Ironically the rampaging enviro-dupes got that project stopped in Nevada. You know Nevada? Where many dozens of nuclear explosions were tested for decades? But somehow, THIS radioactive material, sealed inside a very thick steel and concrete cask was….dangerous. Not dangerous enough to not store them out in the open, like Diablo, but too dangerous to store deep underground.


If you can explain that logic, I’d love to hear it.


France has 58 operating nuclear plants, making 75% of their nation’s needs (Kettle? This is what I meant about a few small ones). They also reprocess their waste, and add it to the fuel source inside their reactors, resulting in magnitude smaller tonnage of spent fuel in the end.


Know why we don’t do that? I’ll refer you to the previously mentioned enviro-dupes.


Yucca Mountain spent nuclear fuel repository for starters. Billions were spent studying and constructing the state-of-the-art site in accordance with a long-standing agreement by the federal government to provide a national facility for the disposal of spent fuel and radioactive waste.
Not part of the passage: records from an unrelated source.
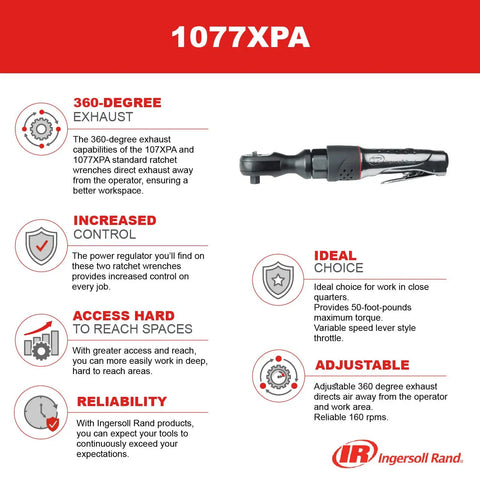 1077XPA Half Inch Air Ratchet Wrench With 360 Degree Exhaust Adjustable Power Regulator 54 Foot Pound Torque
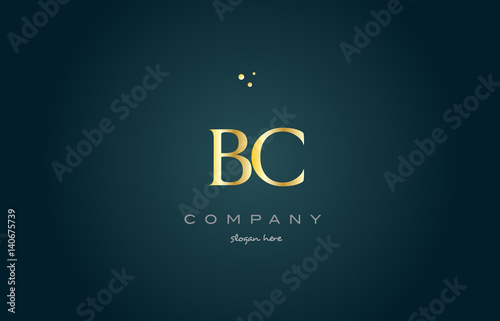 bc b c  gold golden luxury alphabet letter logo icon template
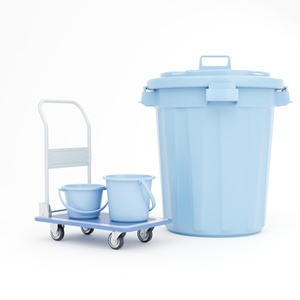 ゴミ箱・バケツ・台車セット【3Dモデル】Garbage can, bucket and cart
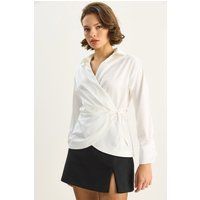 Elegante Satin-Wickelbluse mit V-Ausschnitt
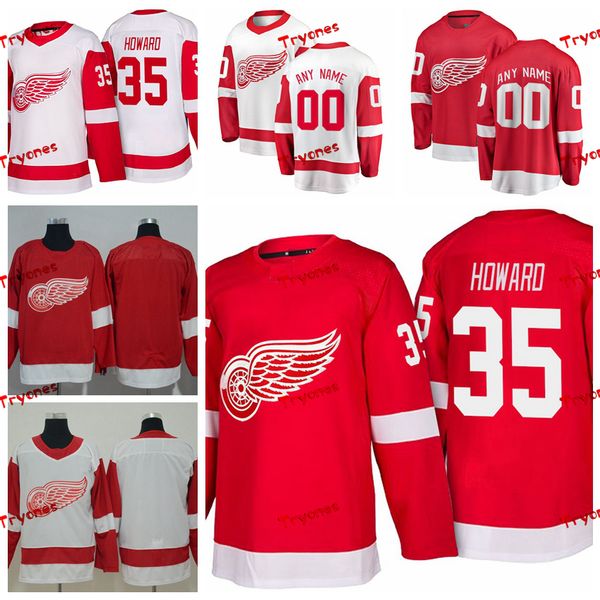 

2019 detroit red wings jimmy howard stitched jerseys customize home red shirts #35 jimmy howard hockey jerseys s-xxxl, Black;red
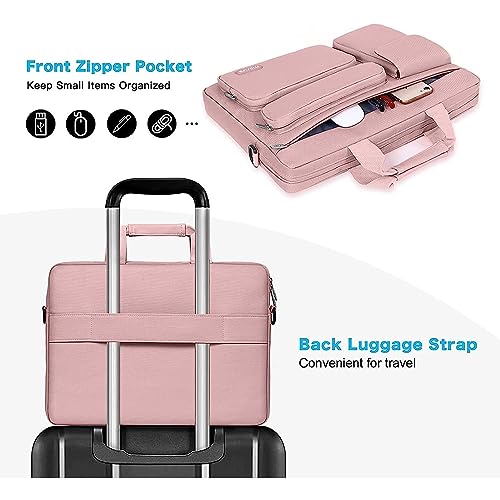 MOSISO Laptop Shoulder Bag 15.6 inch, 15-15.6 inch Computer Bag Compatible with MacBook Pro 16 inch, HP, Dell, Lenovo, Notebook with 2 Raised&1 Flapover&1 Horizontal Pocket&Handle&Belt, Pink - color: Pink, size: 16 inch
It was completed, funded and ready to begin operations but Nevada Senator Harry Reid and President Obama killed the project and reneged on the decades long promise to provide a long-term underground storage facility. The Yucca Mountain project needs to be re-opened and placed into service.


Hmm, fear mongering and innuendo vs all of us actually dying a little everyday from fossil fuels….
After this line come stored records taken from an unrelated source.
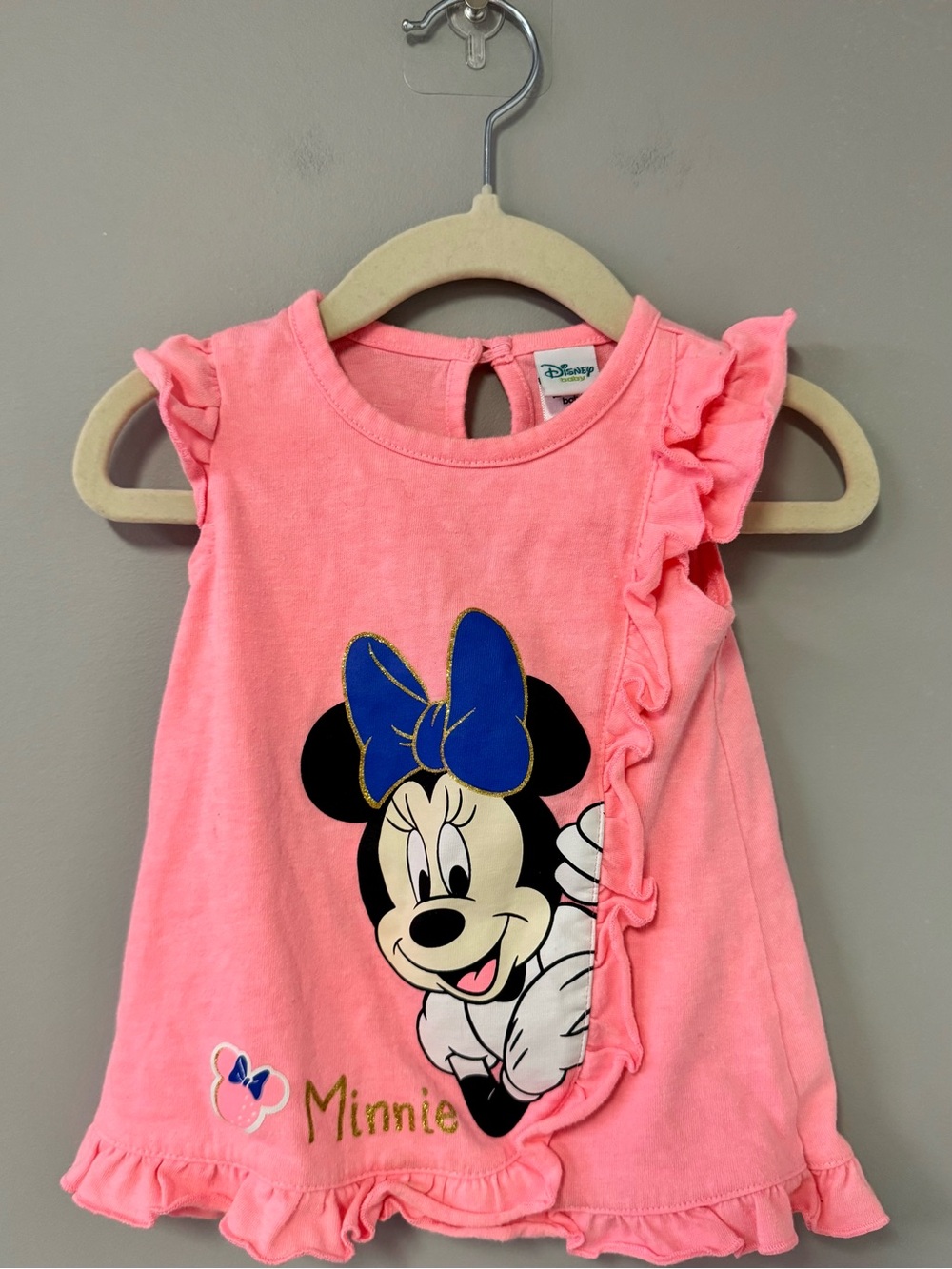 Disney Coral Pink Minnie Tank with Blue Bow Graphic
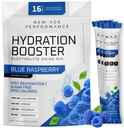 Hydratační balíčky nového věku, Electrolytes Powder Liquid Enhancer for Dehydratation Relief, L-glutamin Amino Acids for Muscle Workout Recovery, Cukr zdarma & 0 Kalorie, 16 Pack (Blue Raspberry)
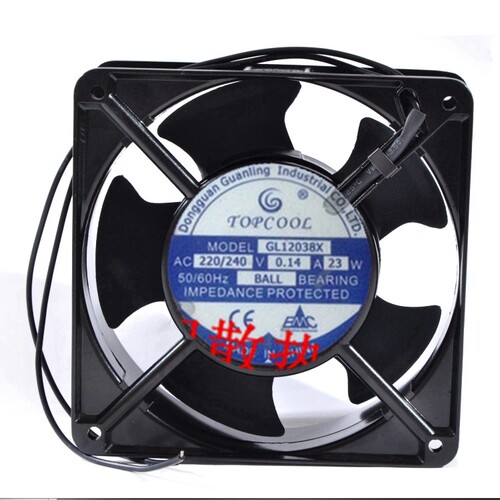 全新GL12038X TOPCOOL AC220/240V 0.14A 23W 12CM 12038风机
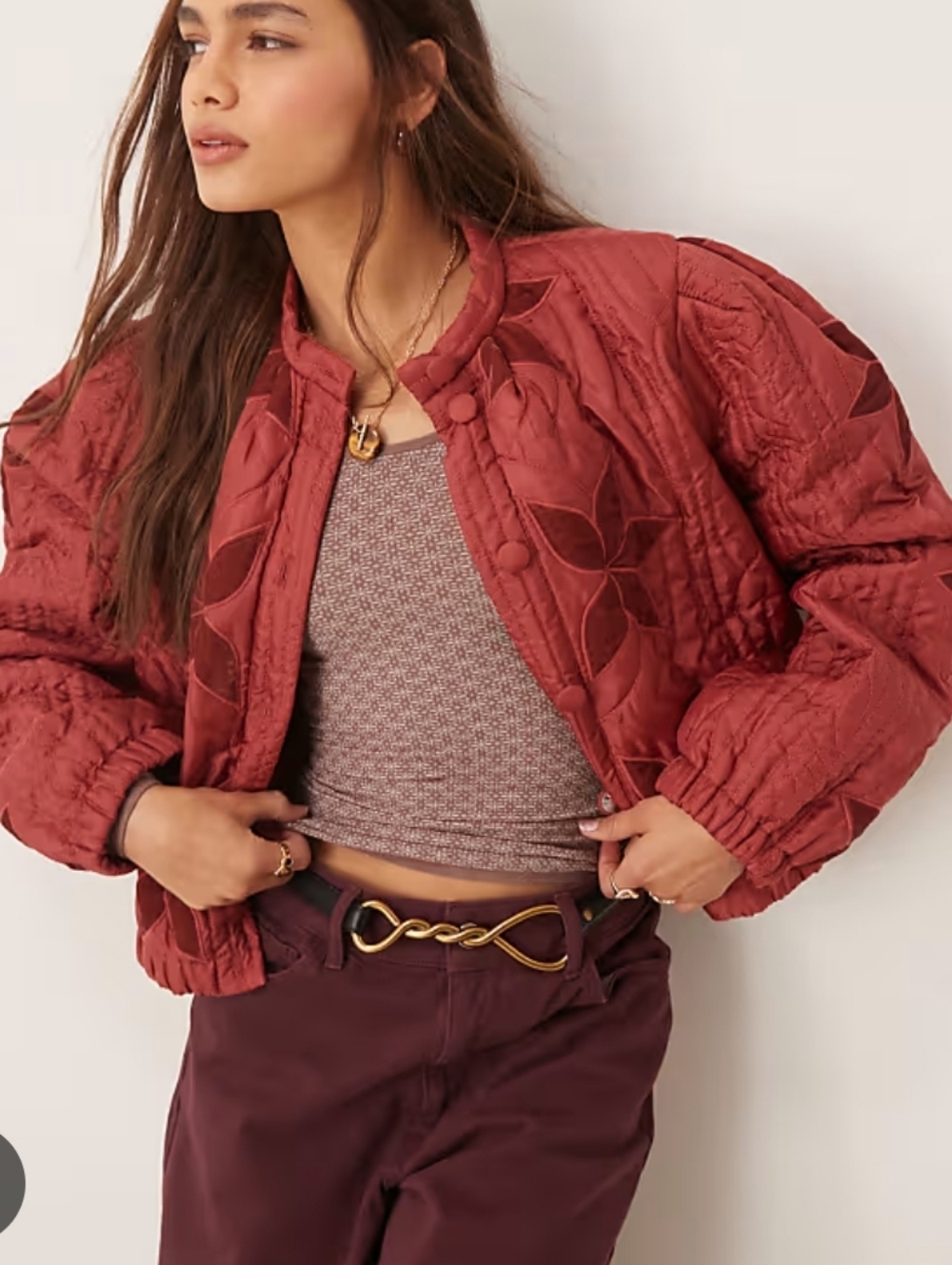 Free People Quinn Quilted Floral Patchwork Jacket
6 Billion would buy 30 Million – 200 watt solar panels @$200. Divide that by 5 and you get 6 million KW / hour generation capability. @ 10 Hrs per day (sunlight) over 365 days you get roughly 21 Billion watts/ year. Or 21 Gigawatts. When compared to Diablo’s 18000 GW annual output it would produce 1/85 of the power in the same amount of time.


400 watt panels go for $200-$270 retail, so it’s even better.


Check the math, MrYan, you are off by a factor of 10. First of all, you can’t figure on getting 10 hours of optimum solar power generation every day for 365 days per year. On average, SLO County gets 267 sunny days per year (the national average is 205). If Diablo Canyon has an annual output of 18,000 Gigawatts, and your 30 million solar panels could optimally produce around 21 Gigawatts over that time, the solar panels are achieving less than 0.12% (not 1.2%) of the output, or roughly 1/857, not 1/85, of the power from Diablo Canyon NPP.


Using k’s scenario of 400-watt solar panels at $250 each, you can buy 24,000,000 panels, with a resultant 9.6 million KW per hour output capacity. Figuring 10 hours of sunlight each day for a year (very unrealistic), you get roughly 35 billion watts per year or 35 Gigawatts. Still, this is paltry 0.194%, or about 1/515 of the annual energy production from DCNPP, assuming a 18,000 GW annual production. (In 2022, DCNPP actual output was 17,593 GW, and in 2021 it was 16,477 GW.) Industrial scale solar photovoltaic panels and even wind turbine installations requiring tens of thousands of acres can’t compete with the massive energy production delivered by a nuclear power plant situated on just several hundred acres.


Good!


Great plan because there’s nothing to replace it. Dah.


Really? i went off grid 2.5 years ago, using nothing but sunlight. Never had an outage since then, unlike my neighbors connected to Diablo Canyon and Pg&E.